[A83] Re: Groups


[Prev][Next][Index][Thread]

[A83] Re: Groups



I've thought of compression myself too. The best algorithm would probably be 
LZ77. It's simple and effective, with fast decompression but slow 
compression. Here's a description (by one "Joe D", describing the HPI archive 
format used by Cavedog Entertainment's Total Annihilation):

The compression algorithm is a very basic sliding window compression scheme
from the LZ77 family using a 4095 byte history and matches from 2 to 17
bytes long.

The first byte is kind of a "tag" byte which determines if the next eight
pieces of data are literal bytes or history matches.  Starting with the
least-significant bit, this tag byte is scanned to figure out what to do.

When the current bit is a zero, the next byte of the input is transfered
directly to the output and added to end of the history buffer.

When the current bit is a one, the next two bytes taken from the input are
used as a offset/length pair.  The upper 12 bits are the offset into the
history buffer and the lower 4 bits are the length. [NOTE: Different numbers 
of bits may be more effective.] If the offset is zero, the end of the input 
data has been reached and the decompressor simply exits.

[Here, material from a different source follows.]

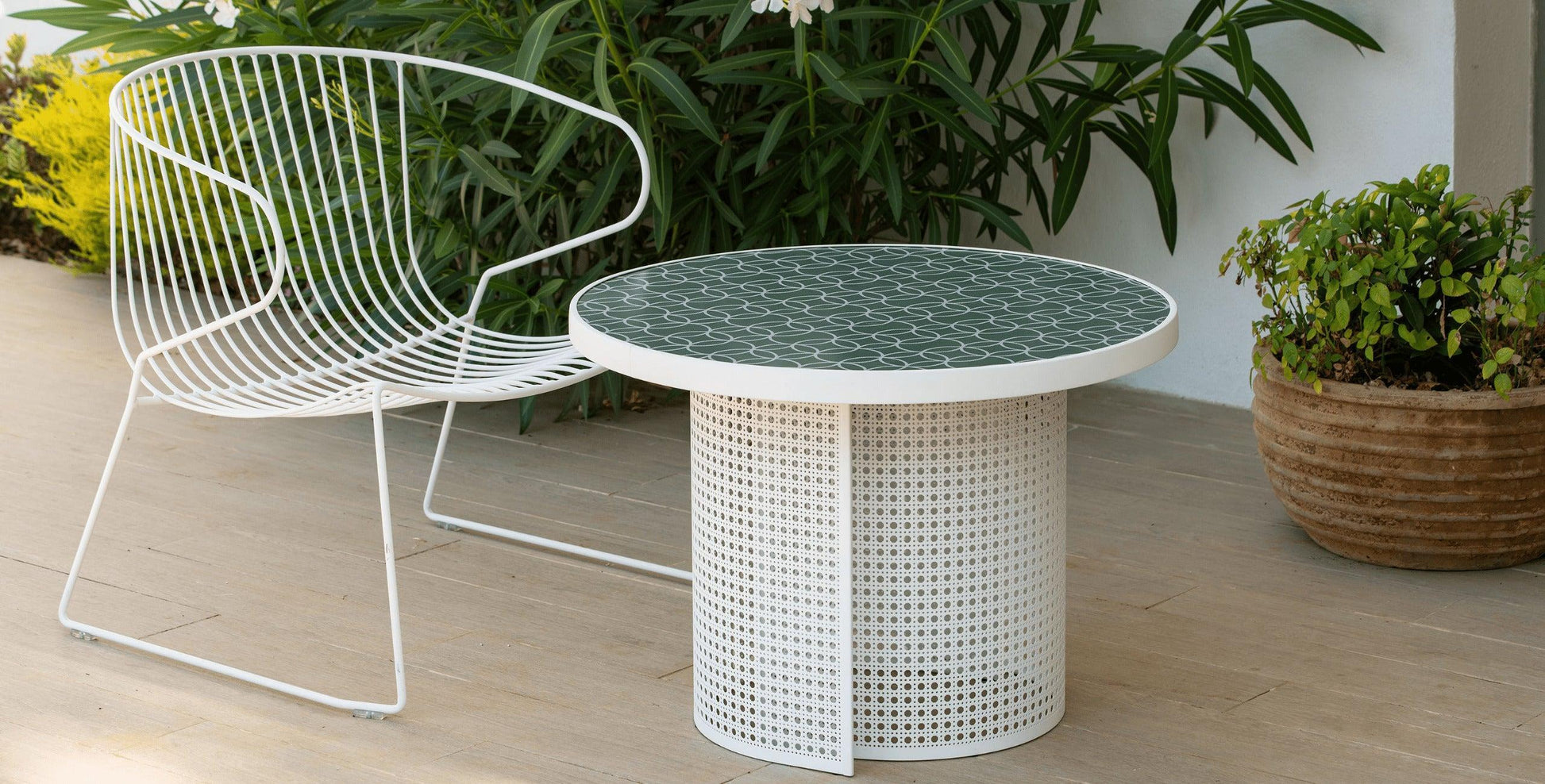 Arena Coffee Table-Contract Furniture Store for hospitality, leisure & commercial projects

Since we can assume that there will be no matches with a length of zero
or only one byte, any match is a mimimum of two bytes so we just add two
to the length which extends our range from 0-15 to 2-17 bytes.

[NOTE: 2 byte matches make little sense either, because the match code is 
itself 2 bytes. Therefore, it would work better to add 3, getting 3-18 byte 
matches.]

The match is then copied from the history buffer to the output and also added
onto the end of the history buffer to keep it in sync with the output.

[NOTE: The history number can't go over 4095 bytes. When it reaches that 
number, things are dumped from the beginning. It makes sense for the history 
buffer to actually be a pointer to the output, 4095 bytes back from the 
current position, or at the beginning if less than 4095 bytes have been 
decompressed.]

When all eight bits of the tag byte have been used, the mask is reset and
the next tag byte is loaded.